WORK INSTRUCTION | Among the lines below, count those with "what". Give the total alone.

Source data |

+++

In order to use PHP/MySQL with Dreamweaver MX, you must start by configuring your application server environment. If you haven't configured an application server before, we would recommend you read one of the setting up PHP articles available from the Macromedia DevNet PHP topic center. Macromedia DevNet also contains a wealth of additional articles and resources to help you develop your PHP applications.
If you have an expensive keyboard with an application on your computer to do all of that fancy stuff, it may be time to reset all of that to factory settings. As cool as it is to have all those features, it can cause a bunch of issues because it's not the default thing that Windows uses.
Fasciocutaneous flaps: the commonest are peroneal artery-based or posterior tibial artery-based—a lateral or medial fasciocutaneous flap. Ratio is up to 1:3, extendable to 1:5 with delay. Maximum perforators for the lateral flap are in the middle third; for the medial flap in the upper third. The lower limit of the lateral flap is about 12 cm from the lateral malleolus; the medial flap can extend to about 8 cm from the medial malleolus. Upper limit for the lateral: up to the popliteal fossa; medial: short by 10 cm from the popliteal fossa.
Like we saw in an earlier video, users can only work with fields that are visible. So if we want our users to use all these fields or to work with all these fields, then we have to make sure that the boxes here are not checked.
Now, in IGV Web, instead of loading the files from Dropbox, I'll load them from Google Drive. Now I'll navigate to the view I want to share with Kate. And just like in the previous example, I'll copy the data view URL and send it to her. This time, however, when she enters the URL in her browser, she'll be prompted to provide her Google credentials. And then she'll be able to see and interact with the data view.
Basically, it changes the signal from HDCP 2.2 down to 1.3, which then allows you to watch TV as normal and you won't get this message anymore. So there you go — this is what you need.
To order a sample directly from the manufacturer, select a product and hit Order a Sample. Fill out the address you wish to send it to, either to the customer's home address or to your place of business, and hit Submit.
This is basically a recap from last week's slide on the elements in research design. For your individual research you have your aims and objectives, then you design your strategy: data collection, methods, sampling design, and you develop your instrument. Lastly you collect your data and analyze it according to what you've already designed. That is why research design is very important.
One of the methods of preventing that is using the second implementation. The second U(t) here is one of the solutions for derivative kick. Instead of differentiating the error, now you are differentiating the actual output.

+++

ANSWER BOX | 2